- Theatrical release poster
- Directed by: Jeannot Szwarc
- Written by: Marie-Anne Chazel Michel Delgado
- Produced by: Alain Terzian
- Starring: Marie-Anne Chazel Clémentine Célarié Thierry Lhermitte
- Cinematography: Fabio Conversi
- Edited by: Catherine Kelber
- Music by: Eric Levi
- Production company: Gaumont
- Distributed by: Gaumont Buena Vista International
- Release date: 2 April 1997;
- Running time: 92 minutes
- Country: France
- Language: French

= Les Soeurs Soleil =

Les Sœurs Soleil is a 1997 French comedy film directed by Jeannot Szwarc, co-written by Marie-Anne Chazel who stars with Clémentine Célarié and Thierry Lhermitte. It tells the story of a privileged woman who is transformed by encountering the very different world of popular music.

==Plot==
Bénédicte lives with her husband Brice and schoolgirl daughter Clémence in the grand house outside Paris that she has inherited from her father and Brice runs the business she has inherited from her father. Classically trained, she is a keen member of the local church and is rehearsing a pop opera she has composed called “Noah's Ark”, in which the children and their mothers sing and dance. Clémence wins two tickets to the recording of a music video by her idol, the flamboyant diva Gloria Soleil, and both she and her mother are persuaded to get into costume and join the cast of what turns out to be a raunchy production. At the local Lions club, where Brice had hoped to be next year's president, the video is shown by mistake and people recognise Bénédicte.

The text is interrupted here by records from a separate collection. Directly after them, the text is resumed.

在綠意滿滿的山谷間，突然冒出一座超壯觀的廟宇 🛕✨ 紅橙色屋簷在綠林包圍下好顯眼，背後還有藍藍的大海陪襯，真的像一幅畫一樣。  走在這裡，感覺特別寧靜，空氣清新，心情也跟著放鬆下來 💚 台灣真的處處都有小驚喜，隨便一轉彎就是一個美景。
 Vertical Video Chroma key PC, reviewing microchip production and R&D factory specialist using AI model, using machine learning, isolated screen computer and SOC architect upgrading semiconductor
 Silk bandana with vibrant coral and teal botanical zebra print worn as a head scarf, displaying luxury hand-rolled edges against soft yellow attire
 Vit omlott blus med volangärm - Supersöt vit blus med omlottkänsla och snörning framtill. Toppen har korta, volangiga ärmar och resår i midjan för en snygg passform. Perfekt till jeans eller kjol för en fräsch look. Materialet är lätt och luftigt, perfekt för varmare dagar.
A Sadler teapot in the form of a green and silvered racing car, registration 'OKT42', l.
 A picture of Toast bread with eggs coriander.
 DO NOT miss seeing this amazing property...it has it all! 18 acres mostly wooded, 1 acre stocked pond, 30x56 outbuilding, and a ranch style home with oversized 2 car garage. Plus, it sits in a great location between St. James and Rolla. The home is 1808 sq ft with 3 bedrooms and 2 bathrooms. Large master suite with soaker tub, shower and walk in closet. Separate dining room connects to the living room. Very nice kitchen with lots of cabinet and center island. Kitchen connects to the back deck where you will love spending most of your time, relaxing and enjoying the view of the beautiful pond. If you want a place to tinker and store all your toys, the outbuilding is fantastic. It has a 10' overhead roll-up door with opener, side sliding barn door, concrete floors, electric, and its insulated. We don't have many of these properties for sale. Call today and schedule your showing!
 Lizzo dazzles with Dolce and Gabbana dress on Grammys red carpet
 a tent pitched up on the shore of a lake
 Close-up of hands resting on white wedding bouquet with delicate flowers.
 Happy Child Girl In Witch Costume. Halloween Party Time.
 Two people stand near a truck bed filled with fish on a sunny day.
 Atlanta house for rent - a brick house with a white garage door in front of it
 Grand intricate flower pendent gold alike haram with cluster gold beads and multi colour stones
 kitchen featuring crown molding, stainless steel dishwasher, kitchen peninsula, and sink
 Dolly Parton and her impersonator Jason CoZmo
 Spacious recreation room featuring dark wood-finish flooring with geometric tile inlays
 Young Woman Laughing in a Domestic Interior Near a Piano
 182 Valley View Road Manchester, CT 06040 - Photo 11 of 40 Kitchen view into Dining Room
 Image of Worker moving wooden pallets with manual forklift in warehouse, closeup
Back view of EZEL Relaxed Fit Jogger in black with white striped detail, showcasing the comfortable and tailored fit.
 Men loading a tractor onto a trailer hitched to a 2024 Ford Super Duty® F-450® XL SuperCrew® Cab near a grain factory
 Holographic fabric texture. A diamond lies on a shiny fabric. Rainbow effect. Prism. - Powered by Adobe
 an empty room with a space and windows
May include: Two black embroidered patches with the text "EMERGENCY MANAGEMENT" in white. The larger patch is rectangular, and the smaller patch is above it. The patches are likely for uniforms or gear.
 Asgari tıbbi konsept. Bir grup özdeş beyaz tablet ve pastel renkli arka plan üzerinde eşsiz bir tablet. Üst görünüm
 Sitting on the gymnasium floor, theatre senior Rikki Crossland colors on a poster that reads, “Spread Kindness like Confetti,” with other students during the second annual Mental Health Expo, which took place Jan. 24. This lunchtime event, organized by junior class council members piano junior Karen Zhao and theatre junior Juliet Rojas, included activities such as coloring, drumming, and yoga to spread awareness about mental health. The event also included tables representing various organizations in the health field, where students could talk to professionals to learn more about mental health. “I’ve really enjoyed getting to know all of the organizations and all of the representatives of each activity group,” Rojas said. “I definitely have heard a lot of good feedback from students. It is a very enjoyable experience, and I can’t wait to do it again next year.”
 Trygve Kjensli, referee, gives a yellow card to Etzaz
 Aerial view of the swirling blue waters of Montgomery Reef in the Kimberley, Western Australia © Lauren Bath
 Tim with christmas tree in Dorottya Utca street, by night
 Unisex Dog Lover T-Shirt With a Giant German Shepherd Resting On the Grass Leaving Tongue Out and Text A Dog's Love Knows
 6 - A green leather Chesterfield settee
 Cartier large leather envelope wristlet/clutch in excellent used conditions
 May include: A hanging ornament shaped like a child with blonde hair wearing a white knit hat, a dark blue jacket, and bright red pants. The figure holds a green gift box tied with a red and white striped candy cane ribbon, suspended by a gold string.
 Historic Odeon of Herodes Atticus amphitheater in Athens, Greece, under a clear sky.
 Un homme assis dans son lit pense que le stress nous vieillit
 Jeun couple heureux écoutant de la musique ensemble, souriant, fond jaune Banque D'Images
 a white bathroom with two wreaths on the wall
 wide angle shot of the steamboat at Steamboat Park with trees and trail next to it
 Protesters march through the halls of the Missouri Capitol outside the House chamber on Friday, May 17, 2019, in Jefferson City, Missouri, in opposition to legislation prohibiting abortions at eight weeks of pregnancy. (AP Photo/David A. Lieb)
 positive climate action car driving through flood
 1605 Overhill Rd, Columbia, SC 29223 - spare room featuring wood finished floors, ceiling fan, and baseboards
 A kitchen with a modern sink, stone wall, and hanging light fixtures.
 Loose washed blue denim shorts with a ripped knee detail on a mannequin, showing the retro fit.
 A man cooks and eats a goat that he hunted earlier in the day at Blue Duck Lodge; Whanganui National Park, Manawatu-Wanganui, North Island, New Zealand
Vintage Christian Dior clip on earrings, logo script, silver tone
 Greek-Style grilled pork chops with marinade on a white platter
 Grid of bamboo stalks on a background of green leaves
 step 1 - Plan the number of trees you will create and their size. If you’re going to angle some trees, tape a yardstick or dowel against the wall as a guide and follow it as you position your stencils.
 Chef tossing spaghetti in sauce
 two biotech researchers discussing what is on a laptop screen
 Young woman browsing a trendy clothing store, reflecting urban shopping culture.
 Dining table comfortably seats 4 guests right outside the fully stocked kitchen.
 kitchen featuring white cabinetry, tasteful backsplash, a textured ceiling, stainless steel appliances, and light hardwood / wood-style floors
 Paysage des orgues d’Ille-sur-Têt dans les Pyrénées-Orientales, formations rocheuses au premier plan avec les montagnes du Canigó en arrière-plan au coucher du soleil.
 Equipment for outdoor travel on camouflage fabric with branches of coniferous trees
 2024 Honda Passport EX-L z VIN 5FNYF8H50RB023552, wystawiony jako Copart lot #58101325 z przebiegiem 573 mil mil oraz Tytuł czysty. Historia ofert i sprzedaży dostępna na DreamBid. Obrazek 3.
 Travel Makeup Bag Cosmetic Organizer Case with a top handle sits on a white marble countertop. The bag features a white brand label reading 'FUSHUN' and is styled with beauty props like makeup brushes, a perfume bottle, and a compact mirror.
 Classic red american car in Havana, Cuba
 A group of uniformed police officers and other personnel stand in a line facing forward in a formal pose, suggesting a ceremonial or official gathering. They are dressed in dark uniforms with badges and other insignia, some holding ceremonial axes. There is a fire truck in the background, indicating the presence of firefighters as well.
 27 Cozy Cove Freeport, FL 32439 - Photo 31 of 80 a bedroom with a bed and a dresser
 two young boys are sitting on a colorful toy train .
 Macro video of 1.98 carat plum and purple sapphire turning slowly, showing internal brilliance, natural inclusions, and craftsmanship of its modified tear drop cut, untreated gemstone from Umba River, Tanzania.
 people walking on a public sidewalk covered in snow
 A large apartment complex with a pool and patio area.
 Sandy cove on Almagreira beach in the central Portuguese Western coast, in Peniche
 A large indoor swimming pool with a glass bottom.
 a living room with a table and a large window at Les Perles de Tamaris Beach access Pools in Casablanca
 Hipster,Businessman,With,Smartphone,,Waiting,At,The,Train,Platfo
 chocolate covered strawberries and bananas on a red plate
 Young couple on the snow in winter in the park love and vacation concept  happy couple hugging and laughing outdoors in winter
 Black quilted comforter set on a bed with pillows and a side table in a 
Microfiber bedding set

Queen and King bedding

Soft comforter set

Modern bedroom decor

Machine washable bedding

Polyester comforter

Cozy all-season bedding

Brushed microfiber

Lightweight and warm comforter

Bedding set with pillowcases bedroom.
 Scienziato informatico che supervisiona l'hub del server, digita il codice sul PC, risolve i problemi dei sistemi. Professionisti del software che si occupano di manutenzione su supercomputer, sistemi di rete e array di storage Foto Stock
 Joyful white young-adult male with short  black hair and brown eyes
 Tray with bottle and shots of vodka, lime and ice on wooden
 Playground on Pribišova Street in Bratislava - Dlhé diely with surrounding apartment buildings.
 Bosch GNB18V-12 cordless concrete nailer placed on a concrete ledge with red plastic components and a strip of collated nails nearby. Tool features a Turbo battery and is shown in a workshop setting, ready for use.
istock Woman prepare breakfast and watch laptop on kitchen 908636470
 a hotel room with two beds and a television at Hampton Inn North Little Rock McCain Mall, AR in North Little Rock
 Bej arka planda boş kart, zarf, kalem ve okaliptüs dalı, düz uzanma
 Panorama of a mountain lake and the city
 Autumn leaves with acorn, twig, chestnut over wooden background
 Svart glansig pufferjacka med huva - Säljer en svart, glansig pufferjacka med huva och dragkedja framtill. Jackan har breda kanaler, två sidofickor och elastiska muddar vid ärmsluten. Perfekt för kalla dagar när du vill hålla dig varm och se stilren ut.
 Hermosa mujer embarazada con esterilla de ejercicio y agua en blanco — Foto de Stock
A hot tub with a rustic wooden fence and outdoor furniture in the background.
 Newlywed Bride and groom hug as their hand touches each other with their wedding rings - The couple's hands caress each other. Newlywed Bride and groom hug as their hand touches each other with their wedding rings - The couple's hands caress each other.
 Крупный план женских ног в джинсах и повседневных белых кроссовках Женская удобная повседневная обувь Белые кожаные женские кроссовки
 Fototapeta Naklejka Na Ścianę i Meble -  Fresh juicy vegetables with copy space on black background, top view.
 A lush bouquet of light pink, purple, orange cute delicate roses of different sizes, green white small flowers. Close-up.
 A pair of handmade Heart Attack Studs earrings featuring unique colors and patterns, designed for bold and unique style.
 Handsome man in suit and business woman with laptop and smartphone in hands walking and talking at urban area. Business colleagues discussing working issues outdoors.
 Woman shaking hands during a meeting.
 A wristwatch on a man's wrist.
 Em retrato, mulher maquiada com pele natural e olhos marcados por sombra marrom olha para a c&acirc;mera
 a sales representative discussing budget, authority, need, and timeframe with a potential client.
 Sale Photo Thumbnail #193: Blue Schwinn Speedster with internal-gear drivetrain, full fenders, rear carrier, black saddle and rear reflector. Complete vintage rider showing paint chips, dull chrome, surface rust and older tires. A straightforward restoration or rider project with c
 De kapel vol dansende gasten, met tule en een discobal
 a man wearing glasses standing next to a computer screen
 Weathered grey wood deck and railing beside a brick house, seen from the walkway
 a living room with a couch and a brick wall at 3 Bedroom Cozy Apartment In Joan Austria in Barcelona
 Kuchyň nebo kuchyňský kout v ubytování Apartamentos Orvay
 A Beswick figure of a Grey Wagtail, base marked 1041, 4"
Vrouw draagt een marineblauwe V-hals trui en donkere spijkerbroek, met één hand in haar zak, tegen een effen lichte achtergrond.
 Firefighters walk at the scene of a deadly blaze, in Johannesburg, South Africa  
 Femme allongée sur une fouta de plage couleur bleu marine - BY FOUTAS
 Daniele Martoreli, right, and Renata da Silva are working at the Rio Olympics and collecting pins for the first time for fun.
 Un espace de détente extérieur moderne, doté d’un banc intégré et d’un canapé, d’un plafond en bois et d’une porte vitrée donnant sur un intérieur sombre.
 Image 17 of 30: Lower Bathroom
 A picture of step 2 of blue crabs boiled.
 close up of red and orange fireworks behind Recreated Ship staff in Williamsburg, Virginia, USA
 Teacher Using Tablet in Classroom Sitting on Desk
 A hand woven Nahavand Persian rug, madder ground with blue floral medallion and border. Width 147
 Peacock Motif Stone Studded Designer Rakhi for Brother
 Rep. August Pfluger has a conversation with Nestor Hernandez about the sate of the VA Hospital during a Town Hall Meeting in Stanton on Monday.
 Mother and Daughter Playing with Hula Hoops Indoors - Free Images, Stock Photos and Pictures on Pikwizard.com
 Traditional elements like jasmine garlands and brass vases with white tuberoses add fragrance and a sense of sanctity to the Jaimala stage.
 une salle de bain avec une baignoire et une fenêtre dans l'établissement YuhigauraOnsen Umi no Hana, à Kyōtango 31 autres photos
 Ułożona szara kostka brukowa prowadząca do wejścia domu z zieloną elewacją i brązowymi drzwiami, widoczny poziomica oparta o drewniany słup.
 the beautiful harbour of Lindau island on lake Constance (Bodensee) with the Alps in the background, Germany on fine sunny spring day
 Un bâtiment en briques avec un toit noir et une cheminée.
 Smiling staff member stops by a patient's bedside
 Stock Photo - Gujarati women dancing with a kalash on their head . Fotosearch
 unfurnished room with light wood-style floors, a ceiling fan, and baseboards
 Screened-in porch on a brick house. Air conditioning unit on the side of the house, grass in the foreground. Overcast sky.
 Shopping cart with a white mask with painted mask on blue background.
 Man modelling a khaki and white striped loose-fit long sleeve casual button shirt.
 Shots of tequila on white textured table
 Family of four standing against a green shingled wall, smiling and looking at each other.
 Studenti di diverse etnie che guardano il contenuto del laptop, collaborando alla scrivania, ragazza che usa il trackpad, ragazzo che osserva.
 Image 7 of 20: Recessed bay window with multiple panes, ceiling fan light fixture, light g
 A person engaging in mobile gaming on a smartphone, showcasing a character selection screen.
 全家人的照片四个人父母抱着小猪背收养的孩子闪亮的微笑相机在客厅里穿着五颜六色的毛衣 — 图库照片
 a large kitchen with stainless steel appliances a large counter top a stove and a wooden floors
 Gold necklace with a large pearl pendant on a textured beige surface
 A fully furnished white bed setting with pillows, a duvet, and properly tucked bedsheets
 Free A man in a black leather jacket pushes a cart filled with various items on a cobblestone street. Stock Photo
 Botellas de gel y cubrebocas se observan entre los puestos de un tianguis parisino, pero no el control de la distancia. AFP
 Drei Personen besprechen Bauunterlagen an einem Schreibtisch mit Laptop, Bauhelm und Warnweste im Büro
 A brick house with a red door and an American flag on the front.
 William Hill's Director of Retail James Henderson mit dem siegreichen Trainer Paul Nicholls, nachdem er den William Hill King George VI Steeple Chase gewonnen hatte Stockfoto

When Bénédicte storms round to Gloria's address to demand withdrawal of the video, she finds her being harassed by bailiffs and is persuaded to let her hide in Bénédicte's house. Gloria goes to the airport to meet an Australian band she is going to work with, who also camp out in Bénédicte's house, leaving her when they eventually go a large quantity of marijuana and their pet kangaroo. After consuming far too much of the hash he is totally unused to, Brice is seduced at work by his attractive secretary and the entwined couple are spotted by Clémence when she drops in after school.

Clémence is sent off to a holiday camp and, after further misunderstandings, Bénédicte leaves Brice to join Gloria on an eventful tour that opens her eyes to other ways of life. In London, a percipient producer realises that she and Gloria could be two opposing halves of a commercial whole and a new act – the Soleil Sisters – is born. He also sees potential in “Noah's Ark” which, with professional polish added, proves a hit in its very different market. Bénédicte reconciles with a contrite Brice, who is rolling in money after selling their house at an exorbitant price to Japanese investors.

==Cast==
- Marie-Anne Chazel as Bénédicte D'Hachicourt
- Thierry Lhermitte as Brice D'Hachicourt
- Clémentine Célarié as Gloria Soleil / Françoise Tricot
- Didier Bénureau as L'Abbé Gervais
- Bernard Farcy as Norbert
- Isabelle Carré as Murielle Musart
- Patrick Mazet as Maxo
- Matthew Marsden as Lawrence
- Erick Desmarestz as Gilles Jutard
- Adrian Lester as Isaac Nelson
- Annie Grégorio as Jackie
- Christian Clavier as a Spectator
- Jean Reno as a Spectator

==Production==
The movie was filmed in London, England and Paris, France.

==Reception==
The film opened on 330 screens in France and grossed $813,804 placing fifth at the French box office.